Growing Together: Enjoying the shady side of gardening

FARGO -- Do you live in a shady neighborhood, and aren't sure how to cope? No, I don't mean you're living next door to riff-raff, I mean you're puzzled knowing what to plant because trees or buildings are casting shade.

By: Don Kinzler, Forum News Service

FARGO -- Do you live in a shady neighborhood, and aren't sure how to cope? No, I don't mean you're living next door to riff-raff, I mean you're puzzled knowing what to plant because trees or buildings are casting shade.

We can embrace shaded locations and create cool retreats that will rival full-sun landscapes. Shade isn't an obstacle, but an opportunity. Instead of searching for shrubs and flowers that merely "tolerate" shade, we can grow plants that relish low light, thrive and bloom profusely in non-sunny spots.

Try these suggestions for successful shaded landscapes and flower plantings.

1. Analyze the depth of shade. Shade varies in light levels, and plants are often described as preferring light, moderate or heavy shade. If shade is cast because the area is on the north side of a building, it's categorized as moderate shade, which often receives a little angled sun in early morning and late afternoon. If shade is created by trees, it might be dense and heavy under large spreading trees, or light and filtered from smaller, lighter foliaged trees. If caused by a combination of large trees over a home's north side, shade may be very heavy.

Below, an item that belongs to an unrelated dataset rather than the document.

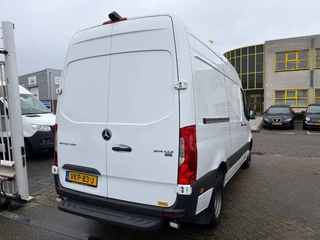 Mercedes-Benz Sprinter 2021 - 514CDI L2H2 Konventa Koeling + 220V Stekker Navi Camera EURO 6 изображение 4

2. Analyze hours of shade and sun. Observe your yard morning, noon and evening to determine if some sunlight reaches the location and for how many hours. For example, plant literature describes certain plants as requiring six hours or more of sunshine.

3. Understand that low light is not the only challenging factor in shade gardening. Soil may be very dry, with moisture being sapped by roots of large trees underlying the area. Or the soil may stay overly moist if air circulation and drainage are limited. Soil may be hard-packed or powder-dry. Trees causing shade may be robbing soil of fertility, creating areas starved of nutrients.

4. Most shade-loving plants prefer soil rich in organics (think shady forest floor). Add compost, peat moss or manure to enliven shaded soil.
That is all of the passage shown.